Ascites and Edema
In patients with chronic diseases of the liver, fibrosis (scarring) of the liver often occurs. When the scarring becomes advanced, the condition is called cirrhosis of the liver. Ascites is excessive fluid that accumulates in the abdominal (peritoneal) cavity. It is a complication of cirrhosis and appears as an abdominal bulge.
The peritoneum is the inner lining of the abdominal cavity, which also folds over to cover the organs inside the abdomen such as the liver, gallbladder, spleen, pancreas, and intestines.
Ascites develops because of a combination of two factors:
increased pressure in the vein system that carries blood from the stomach, intestines, and spleen to the liver (portal hypertension); and a low level of the protein albumin in the blood (hypoalbuminemia).
Albumin, which is the predominant protein in the blood and which helps maintain blood volume, is reduced in cirrhosis primarily because the damaged liver is not able to produce enough of it.
Other consequences of portal hypertension include dilated veins in the esophagus (varices), prominent veins on the abdomen, and an enlarged spleen.

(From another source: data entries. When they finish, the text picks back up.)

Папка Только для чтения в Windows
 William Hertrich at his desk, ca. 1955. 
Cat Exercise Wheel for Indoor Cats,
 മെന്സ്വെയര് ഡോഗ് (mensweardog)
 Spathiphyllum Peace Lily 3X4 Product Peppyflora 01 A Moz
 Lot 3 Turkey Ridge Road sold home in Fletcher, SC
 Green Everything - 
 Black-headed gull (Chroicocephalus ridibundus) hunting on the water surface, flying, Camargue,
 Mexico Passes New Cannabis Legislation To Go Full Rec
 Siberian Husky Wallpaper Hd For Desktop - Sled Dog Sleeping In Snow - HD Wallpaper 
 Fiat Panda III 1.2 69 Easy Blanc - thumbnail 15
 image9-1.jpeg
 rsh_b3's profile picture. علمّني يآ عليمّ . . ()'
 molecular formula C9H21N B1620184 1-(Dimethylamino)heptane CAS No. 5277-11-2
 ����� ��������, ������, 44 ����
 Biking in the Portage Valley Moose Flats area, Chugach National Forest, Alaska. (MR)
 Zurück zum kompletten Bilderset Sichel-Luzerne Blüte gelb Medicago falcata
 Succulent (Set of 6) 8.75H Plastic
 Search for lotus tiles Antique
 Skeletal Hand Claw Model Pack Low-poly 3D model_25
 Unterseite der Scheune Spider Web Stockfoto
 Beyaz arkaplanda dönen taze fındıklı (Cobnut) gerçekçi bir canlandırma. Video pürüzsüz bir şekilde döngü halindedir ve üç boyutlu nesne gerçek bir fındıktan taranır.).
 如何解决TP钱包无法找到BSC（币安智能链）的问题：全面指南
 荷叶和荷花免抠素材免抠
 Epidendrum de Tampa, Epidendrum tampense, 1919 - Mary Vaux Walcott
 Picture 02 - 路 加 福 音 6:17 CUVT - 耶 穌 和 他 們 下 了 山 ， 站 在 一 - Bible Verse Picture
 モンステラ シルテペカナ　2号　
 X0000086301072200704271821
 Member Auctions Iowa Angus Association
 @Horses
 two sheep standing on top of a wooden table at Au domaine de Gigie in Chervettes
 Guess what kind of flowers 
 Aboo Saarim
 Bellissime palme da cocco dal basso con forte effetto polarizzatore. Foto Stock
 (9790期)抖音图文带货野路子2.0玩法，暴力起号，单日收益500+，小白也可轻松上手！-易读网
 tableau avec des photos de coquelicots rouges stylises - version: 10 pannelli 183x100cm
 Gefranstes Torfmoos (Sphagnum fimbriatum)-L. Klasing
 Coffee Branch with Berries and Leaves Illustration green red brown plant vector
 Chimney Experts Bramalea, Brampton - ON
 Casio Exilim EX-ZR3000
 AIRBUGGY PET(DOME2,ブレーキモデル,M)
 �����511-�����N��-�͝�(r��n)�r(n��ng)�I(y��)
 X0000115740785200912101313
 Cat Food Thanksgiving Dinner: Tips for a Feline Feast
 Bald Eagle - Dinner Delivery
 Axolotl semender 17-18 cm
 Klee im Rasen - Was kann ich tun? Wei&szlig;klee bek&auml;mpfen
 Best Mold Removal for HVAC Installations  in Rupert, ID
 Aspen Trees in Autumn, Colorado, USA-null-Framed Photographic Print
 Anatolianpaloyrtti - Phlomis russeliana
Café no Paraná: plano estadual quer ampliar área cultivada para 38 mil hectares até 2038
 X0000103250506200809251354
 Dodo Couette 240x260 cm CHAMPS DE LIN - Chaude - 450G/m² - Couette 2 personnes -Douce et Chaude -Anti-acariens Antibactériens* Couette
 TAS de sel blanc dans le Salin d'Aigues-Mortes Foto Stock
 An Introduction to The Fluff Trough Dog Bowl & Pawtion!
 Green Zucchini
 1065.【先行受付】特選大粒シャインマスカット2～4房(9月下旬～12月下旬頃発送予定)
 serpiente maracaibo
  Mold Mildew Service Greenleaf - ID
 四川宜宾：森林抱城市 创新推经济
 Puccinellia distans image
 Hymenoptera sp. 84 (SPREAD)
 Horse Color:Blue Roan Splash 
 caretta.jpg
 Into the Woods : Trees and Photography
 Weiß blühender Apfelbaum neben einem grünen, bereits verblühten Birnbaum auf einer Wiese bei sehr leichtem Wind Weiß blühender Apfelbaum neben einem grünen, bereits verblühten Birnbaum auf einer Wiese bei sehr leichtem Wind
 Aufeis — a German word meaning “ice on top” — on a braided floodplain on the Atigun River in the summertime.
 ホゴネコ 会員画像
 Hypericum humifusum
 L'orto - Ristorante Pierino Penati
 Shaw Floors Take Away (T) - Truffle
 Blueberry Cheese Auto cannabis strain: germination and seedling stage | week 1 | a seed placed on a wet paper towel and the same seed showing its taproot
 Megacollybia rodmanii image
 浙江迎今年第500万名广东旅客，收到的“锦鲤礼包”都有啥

Each of these conditions is due primarily to the increased pressure and accumulation of blood and excess fluid in the abdominal blood vessels.
The fluid of ascites can be removed from the abdominal cavity by using a syringe and a long needle, a procedure called paracentesis. Analysis of the fluid can help differentiate ascites that is caused by cirrhosis from other causes of ascites, such as cancer, tuberculosis, congestive heart failure, and nephrosis.
Sometimes, when ascites does not respond to treatment with diuretics, paracentesis can be used to remove large amounts of the ascitic fluid.
Peripheral edema, which is usually seen as pitting edema of the legs and feet, also occurs in cirrhosis. The edema is a consequence of the hypoalbuminemia and the kidneys retaining salt and water.
The presence or absence of edema in patients with cirrhosis and ascites is an important consideration in the treatment of the ascites. In patients with ascites without edema, diuretics must be given with extra caution.
Diuresis (induced increased volume of urine by use of diuretics) that is too aggressive or rapid in these patients can lead to a low blood volume (hypovolemia), which can cause kidney and liver failure. In contrast, when patients who have both edema and ascitesundergo diuresis, the edema fluid in the interstitial space serves as somewhat of a buffer against the development of low blood volume.
The excess interstitial fluid moves into the blood vessel spaces to rapidly replenish the depleted blood volume.
Why does edema occur in patients with kidney disease?
Edema forms in patients with kidney disease for two reasons:
a heavy loss of protein in the urine, or
impaired kidney (renal) function.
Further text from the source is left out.